C++ Logo

sg16

Advanced search

Re: Agenda for the 2024-04-24 SG16 meeting

From: Corentin Jabot <corentinjabot_at_[hidden]>
Date: Sat, 20 Apr 2024 09:46:17 +0200
Getting a name from reflection:
   We can't know how the string will be used, so it needs to follow the
rules of C++: Either it is a u8 string, and is utf-8 encoding, or it is a
non-utf string in the literal encoding (might be ebcdic, etc). Only utf-8
(or another unicode encoding) can represent all identifiers.

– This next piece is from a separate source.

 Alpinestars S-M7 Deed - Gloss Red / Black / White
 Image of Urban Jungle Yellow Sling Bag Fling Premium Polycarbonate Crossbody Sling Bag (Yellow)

Feeding a string to reflection:
    It can either be u8, or potentially be a narrow string. The issue there
is that the mapping from an arbitrary encoding to UTF-8 isn't necessarily
portable. There is a guarantee that a mapping exists but that mapping does
not need to be unique.
    This is an academic concern (the mapping from source to utf-8 is
similarly implementation defined and not unique but we are not aware of
that causing portability issues)

Feeding escaped strings:
   We would have to justify that this solution is less cumbersome for users
than passing a u8 string. Parsing would have to be done in the literal
encoding, some encodings cannot represent \, etc).
   Generally, I have the same concerns as Jens/Tom.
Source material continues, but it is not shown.